Siempre se puede estar peor. Si miran a su alrededor verán vecinos que perdieron su trabajo. O que nunca lo tuvieron. Verán hijos desatendidos, hermanos peleados y juramentos rotos. Escucharán gritos desalentadores, súplicas, ruegos y lamentos que claman al cielo. Olerán el miedo del que no puede afrontar sus números, sentirán el roce de una piel fría que pierde su techo. Saborearán el hambre, la sed, el odio, la guerra: esta perra vida.
Pero siempre, te bañes en lodo o te bañes en oro, hay que aspirar a estar mejor.
Supongo que nadie llega a ser tan sabio como para descifrar dónde reside ‘La chispa de la vida’. Pero la tragedia de Roberto Gómez (José Mota), un cualquiera con aspecto de semejante, es bastante reveladora. Pese a no pronunciar en ningún momento de la película de Álex de la Iglesia la palabra ‘crisis’, es muy probable que resuene en su cabeza. Una crisis de la clase media, de los que aguantan en mitad de la tabla sin poder celebrar el éxito ni el fracaso. De los que aguantan estoicamente el “es lo que hay, da las gracias”.
Estoy convencido de que uno de las amargores que dejará esta triste y oscura época será el maquiavelismo y la demagogia con la que los dueños del dinero jugaron con nosotros. Ya saben a lo que me refiero: trabajadores que se agarran a piedras ardiendo que nadie puede -quiere- apagar. La impotencia de tener que tragar lo que sea con tal de mantener un empleo estancado que sigue aumentando los beneficios de una cúspide poco generosa con el reparto del botín.

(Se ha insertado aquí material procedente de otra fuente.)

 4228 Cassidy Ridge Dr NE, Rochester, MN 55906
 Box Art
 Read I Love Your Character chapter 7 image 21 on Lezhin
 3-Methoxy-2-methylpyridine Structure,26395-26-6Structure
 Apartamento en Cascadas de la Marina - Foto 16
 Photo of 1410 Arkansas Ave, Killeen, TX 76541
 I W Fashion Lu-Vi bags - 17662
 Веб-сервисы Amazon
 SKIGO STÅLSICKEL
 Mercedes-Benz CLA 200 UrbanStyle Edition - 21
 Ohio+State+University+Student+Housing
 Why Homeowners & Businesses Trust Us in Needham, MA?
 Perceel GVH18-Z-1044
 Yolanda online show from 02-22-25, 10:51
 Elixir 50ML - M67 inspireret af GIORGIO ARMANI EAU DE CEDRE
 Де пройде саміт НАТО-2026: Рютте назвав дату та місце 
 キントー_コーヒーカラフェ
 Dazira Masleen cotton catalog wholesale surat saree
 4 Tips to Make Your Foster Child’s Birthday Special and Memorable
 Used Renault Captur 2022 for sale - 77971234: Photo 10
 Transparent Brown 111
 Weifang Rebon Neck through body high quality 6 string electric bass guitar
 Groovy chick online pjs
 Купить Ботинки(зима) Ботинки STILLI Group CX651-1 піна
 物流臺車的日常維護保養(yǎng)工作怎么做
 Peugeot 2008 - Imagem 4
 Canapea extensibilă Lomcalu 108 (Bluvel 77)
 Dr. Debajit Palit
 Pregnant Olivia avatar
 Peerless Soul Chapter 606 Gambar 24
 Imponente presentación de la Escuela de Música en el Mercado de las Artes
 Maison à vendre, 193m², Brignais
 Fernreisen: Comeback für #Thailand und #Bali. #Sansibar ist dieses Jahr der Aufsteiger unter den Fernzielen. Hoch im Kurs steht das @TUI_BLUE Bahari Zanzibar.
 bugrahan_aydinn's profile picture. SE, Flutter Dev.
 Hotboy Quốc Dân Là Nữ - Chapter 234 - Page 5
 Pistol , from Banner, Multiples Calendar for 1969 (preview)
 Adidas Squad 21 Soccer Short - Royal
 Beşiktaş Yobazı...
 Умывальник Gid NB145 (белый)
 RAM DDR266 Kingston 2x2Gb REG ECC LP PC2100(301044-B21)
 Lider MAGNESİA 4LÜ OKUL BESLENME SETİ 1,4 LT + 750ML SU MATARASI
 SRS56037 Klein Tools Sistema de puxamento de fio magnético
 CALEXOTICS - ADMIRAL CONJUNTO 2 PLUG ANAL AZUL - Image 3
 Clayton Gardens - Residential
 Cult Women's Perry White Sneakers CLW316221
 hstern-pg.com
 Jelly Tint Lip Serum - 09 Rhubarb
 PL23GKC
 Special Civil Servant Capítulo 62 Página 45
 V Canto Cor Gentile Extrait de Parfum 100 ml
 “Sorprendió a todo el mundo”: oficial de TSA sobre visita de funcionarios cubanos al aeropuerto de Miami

El bueno de Roberto pasa por una experiencia excesiva e improbable con la que, irónicamente, es fácil sentirse interpelado. Porque hoy, más que nunca, es posible sentir el frío aliento de una espada que se cierne sobre nosotros sin compasión. ¿Quién podría culpar al que quiere mejorar, al que quiere demostrar y utilizar su talento? Esa chispa, como les digo, no sé dónde está. Pero, por si acaso, abracen a los que tienen cerca. Tal vez el resto no tenga remedio. O importancia. O vida.